Create a CapyMOA Schema that defines each attribute in the stream.

The following example shows how to use this method to create a classification schema:

>>> from capymoa.stream import Schema
>>> schema = Schema.from_custom(
...     features=["f1", "f2", "class"],
...     target="class",
...     categories={"class": ["yes", "no"], "f1": ["low", "medium", "high"]},
...     name="classification-example"
... )
>>> print(schema)
@relation classification-example

@attribute f1 {low,medium,high}
@attribute f2 numeric
@attribute class {yes,no}

@data
>>> print(schema.is_classification())
True

The following example shows how to use this method to create a regression schema:

>>> schema = Schema.from_custom(
...     features=["f1", "f2", "target"],
...     target="target",
...     categories={"f1": ["A", "B", "C"]},
...     name="regression-example"
... )
>>> print(schema)
@relation regression-example

@attribute f1 {A,B,C}
@attribute f2 numeric
@attribute target numeric

@data
>>> print(schema.is_regression())
True
Parameters:
  • features – A list of feature names.

  • target – The name of the target attribute. Must be in features as well.

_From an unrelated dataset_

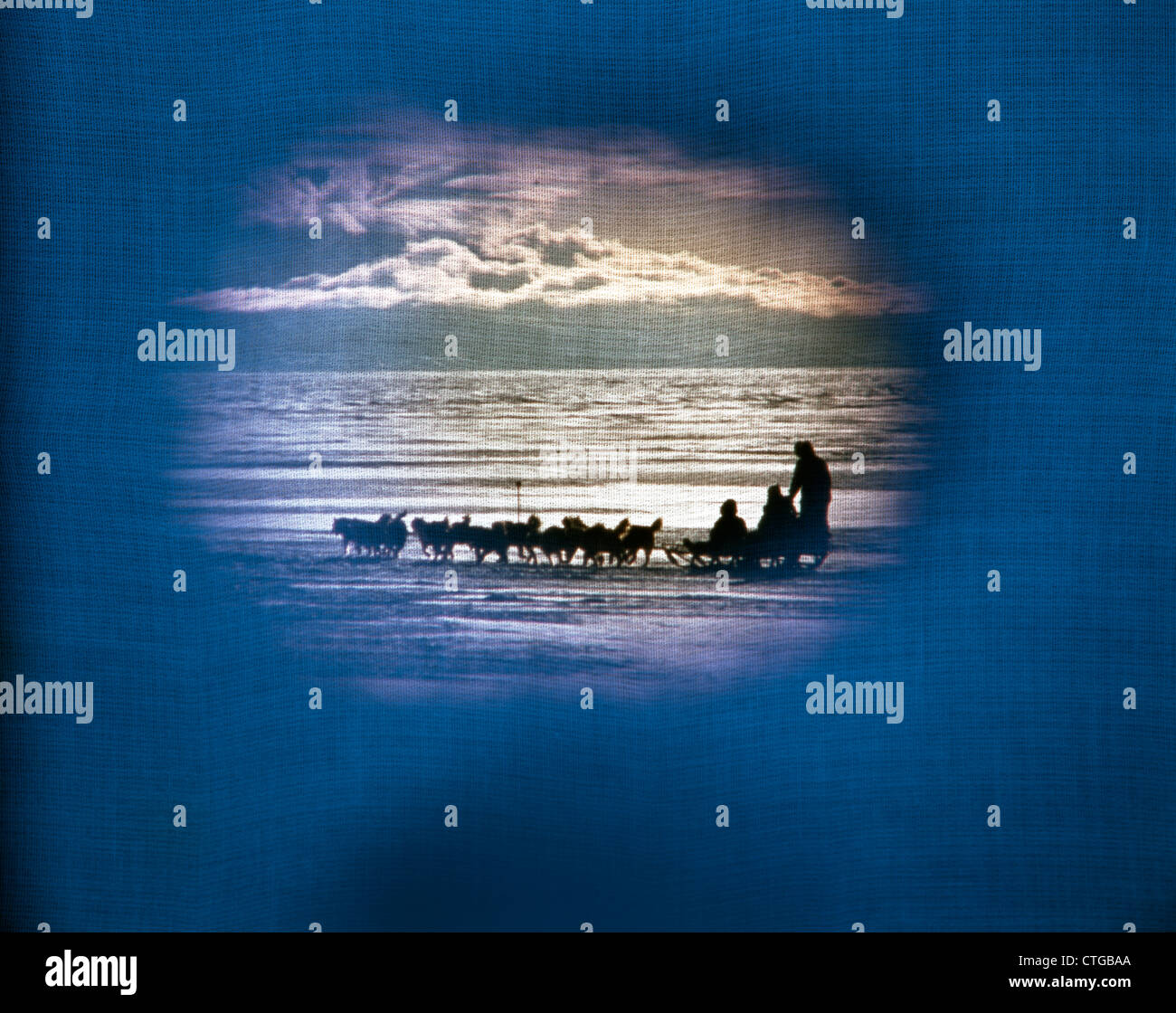 1970ER JAHREN VIGNETTE DREI PERSONEN HUNDESCHLITTEN BLAU LEINENSTRUKTUR Stockfoto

  • categories – A dictionary mapping feature names to their possible values. When the target attribute is included in this dictionary the task is considered classification.

  • name – The name of the dataset.

Returns:

A CapyMOA Schema object.

get_index_for_label(y: str)[source]#

Return the index for the class label y.

get_label_indexes() Sequence[int][source]#

Return the possible indexes for the class label.

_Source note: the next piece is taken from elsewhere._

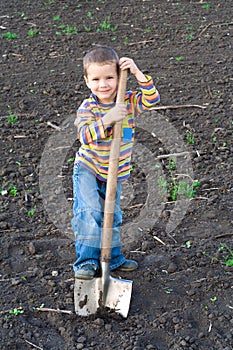 Little children with big shovel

get_label_values() Sequence[str][source]#

Return the possible values for the class label.

get_moa_header() InstancesHeader[source]#

Get the JAVA MOA header. Useful for advanced users.

This is needed for advanced operations that are not supported by the Python wrappers (yet).

get_nominal_attributes() Dict[str, Sequence[str]][source]#

Return a dict of nominal attributes.

get_num_attributes() int[source]#

Return the number of attributes excluding the target attribute.

get_num_classes() int[source]#

Return the number of possible classes. If regression, returns 1.

get_num_nominal_attributes() int[source]#

Return the number of nominal attributes.

get_num_numeric_attributes() int[source]#

Return the number of numeric attributes.

get_numeric_attributes() Sequence[str][source]#

Return a list of numeric attribute names.

get_value_for_index(y_index: int | None) str | None[source]#

Return the value for the class label index y_index.

is_classification() bool[source]#

Return True if the problem is a classification problem.

is_regression() bool[source]#

Return True if the problem is a regression problem.

is_y_index_in_range(y_index: int) bool[source]#

Return True if the y_index is in the range of the class label indexes.

property dataset_name: str#

Returns the name of the dataset.

property shape: Sequence[int]#

The shape of the input x instances.

Usually capymoa.instance.Instance.x is a vector but some learners need to know the shape of the input. For example, a CNN needs to know the height and width of an image.